Il convitato di pietra 

Il summit avrebbe dovuto avere come focus esclusivi l’Europa e la Difesa, ma era inevitabile che le dichiarazioni di Donald Trump sull’intenzione di imporre dazi all’Unione europea (nonché sulla questione groenlandese) facessero il loro ingresso sul tavolo delle discussioni a Egmont Palace. La Danimarca riceve la solidarietà formale dei leader, ma il momento è evidentemente troppo delicato perché da Bruxelles si alzi la levata di scudi contro Washington e a difesa della Groenlandia. Si opta dunque per mantenere una linea diplomatica e ribadire il principio dell’inviolabilità dei confini, mentre l’invito a Mark Rutte e Keir Starmer per presenziare al ritiro sottolinea l’intenzione di mantenere un Occidente quanto più compatto possibile sui temi della sicurezza e della difesa. Anche per questo si ribadisce ulteriormente il supporto all’indipendenza dell’Ucraina, senza contestare ma senza neanche supportare apertamente la dichiarata intenzione di Trump di sedersi al tavolo delle trattative con Vladimir Putin.

Quindi, che succede?

Il ritiro informale sulla Difesa pare non aver raggiunto il suo obiettivo di rappresentare un punto di svolta per l’Unione europea. Troppe le divergenze in un sistema che può disporre di grande potenza di fuoco solo quando i suoi componenti raggiungono l’unanimità.
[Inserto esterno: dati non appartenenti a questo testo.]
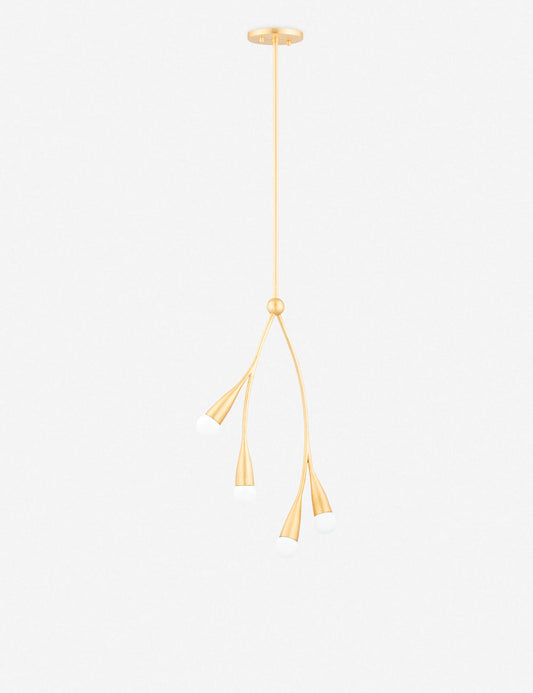 Elsa Pendant Light kitchen island light front view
Senza questo tipo di consenso da parte degli Stati, agli esponenti delle istituzioni comunitarie, da soli ad affrontare la conferenza stampa, non rimane che ribadire la necessità di fare di più, salvo poi rimandare per i dettagli alla prossima volta e al prossimo documento strategico. Tuttavia, mentre l’Europa si conferma nel suo attendismo — lo stesso contro cui mette in guardia il Rapporto Draghi —, il mondo continua ad andare veloce, e le minacce alla sicurezza continuano a crescere.